Great a soldier as Alexander unquestionably was, he was remarkably favored by fortune, and won the greatest empire the world had up to that time known with hardly an effort, and with less loss of men than often takes place in a single battle. The treasure gained was immense. Darius seemed to have been heaping up wealth for his conqueror. Babylon and Susa, the two great capitals of the Persian empire, contained vast accumulations of money, part of which was used to enrich the soldiers of the victorious army. At Persepolis, the capital of ancient Persia, a still greater treasure was found, amounting to one hundred and twenty thousand talents in gold and silver, or about one hundred and twenty-five million dollars. It took five thousand camels and a host of mules to transport the treasure away. The cruel conqueror rewarded the Persians for this immense gift, kept through generations for his hands, by burning the city and slaughtering its inhabitants, in revenge, as he declared, for the harm which Xerxes had done to Greece a century and a half before.

What followed must be told in a few words. The conqueror did not feel that his work was finished while Darius remained free. The dethroned king was flying eastward to Bactria. Alexander pursued him with such speed that many of his men and animals fell dead on the road.
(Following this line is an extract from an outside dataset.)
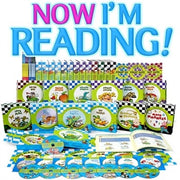 [Used Book] 055772021. Now I'm Reading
He overtook him at last, but did not capture him, as the companions of the Persian king killed him and left only his dead body to the victor's hands.

For years afterwards Alexander was occupied in war, subduing the eastern part of the empire, and marching into India, where he conquered all before him. War, incessant war, was all he cared for. No tribe or nation he met was able to stand against his army. In all his career he never met a reverse in the field. He was as daring as Darius had been cowardly, exposed his life freely, and was more than once seriously wounded, but recovered quickly from his hurts.

At length, after eleven years of almost incessant war, the conqueror returned to Babylon, and here, while preparing for new wars in Arabia and elsewhere, indulged with reckless freedom in that intoxication which was his principal form of relaxation from warlike schemes and duties. As a result he was seized with fever, and in a week's time died, just at the time he had fixed to set out with army and fleet on another great career of conquest. It was in June, 323 B.C., in his thirty-third year. He had reigned only twelve years and eight months.


THE WORLD'S GREATEST ORATOR.

During the days of the decline of Athens, the centre of thought to Greece, there roamed about the streets of that city a delicate, sickly lad, so feeble in frame that, at his mother's wish, he kept away from the gymnasium, lest the severe exercises there required should do him more harm than good. His delicate clothing and effeminate habits were derided by his playmates, who nicknamed him Batalus, after, we are told, a spindle-shanked flute-player. We do not know, however, just what Batalus means.